Sunday, September 20, 2020

The New Yorker: The Man Who Refused to Spy

By Laura Secor

    In 2017, just after a US travel ban on Iran, an Iranian materials scientist named Sirous Asgari received a call for approval of his visa request to visit his children in the States. Upon his arrival, he was arrested by the FBI on charges of stealing trade secrets and violating sanctions.
    On a previous visit, he had been contacted by a laboratory at Case Western, which had transmission electron microscopes. Asgari had always been fascinated with these, and the one in Tehran, where he worked, was missing parts due to US sanctions. The head of the lab told him that he would request Asgari's visitor visa to be changed to an H1B work visa. A few months later, his request was denied, and he got ready to return to Iran. Before he left, he was contacted by FBI agents, who offered to pay him for his work at Case Western if he would be an informant on the Iranian government. Asgari denied.
    Now, he finally understood. They were using the law to force him to cooperate. FBI agents had gotten wiretaps to his Gmail dating back several years and found many pieces of flimsy, circumstantial evidence to indict him. They claimed he had stolen trade secrets about low-temperature carburization and assisted the Iranian military in violating sanctions with his contacts in the US.
    In fact, the techniques which had been emailed to him were already patented and published, an idea for one that had been emailed to him by a student at his university in Tehran was completely different, and his sector of material science had no relation to illegal activity at all. His lawyers got him exonerated, but upon the end of his case, he was detained by ICE. When he was arrested by the FBI months ago, they had taken his passport and given him a visa that was only valid while he was on trial.

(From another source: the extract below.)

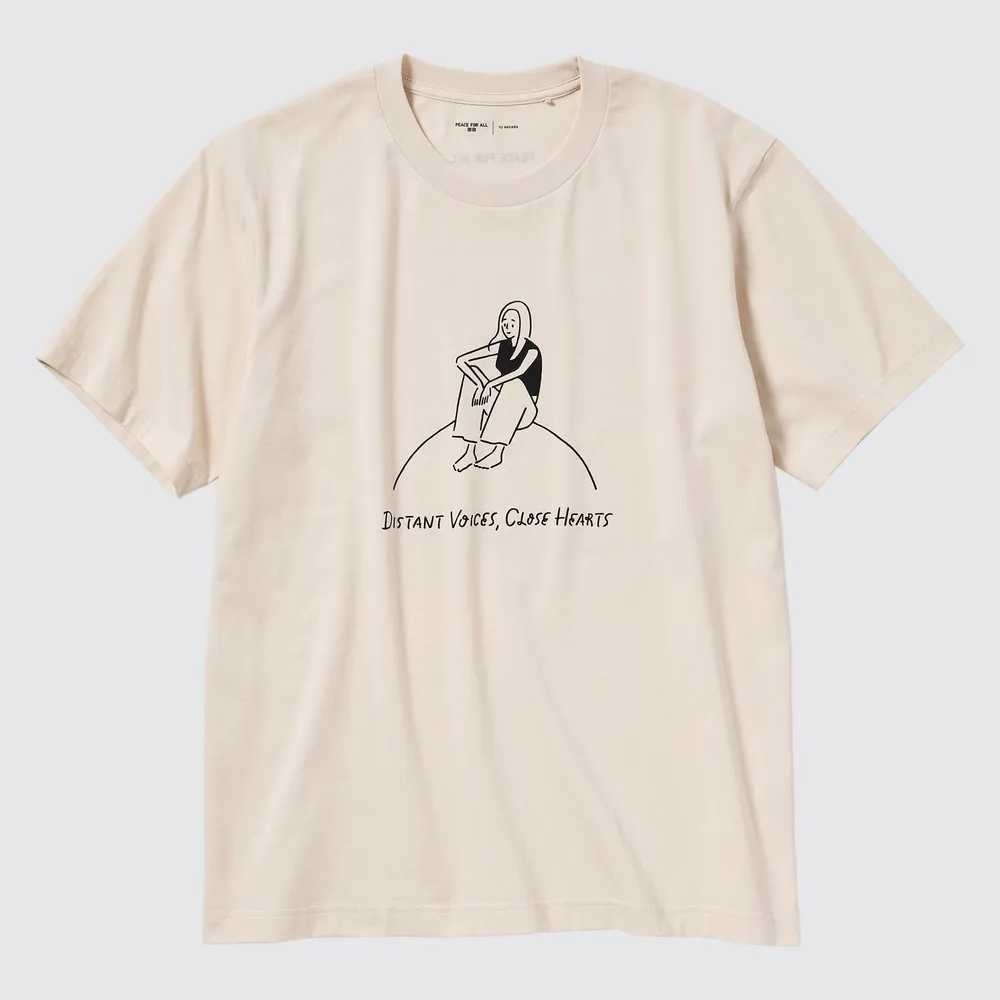 YU NAGABA SHORT SLEEVE T-SHIRT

That had now expired. For the next several months, he would spend his time in disgusting detention centers, even catching coronavirus as a result of neglect. Eventually, he returned to Iran in a prisoner exchange, which he refused to politize, for he knew he had done nothing wrong. However, he still loves the US. He says the freedoms he had in imprisonment - being able to talk to the press, protest for better conditions - weren't available everywhere.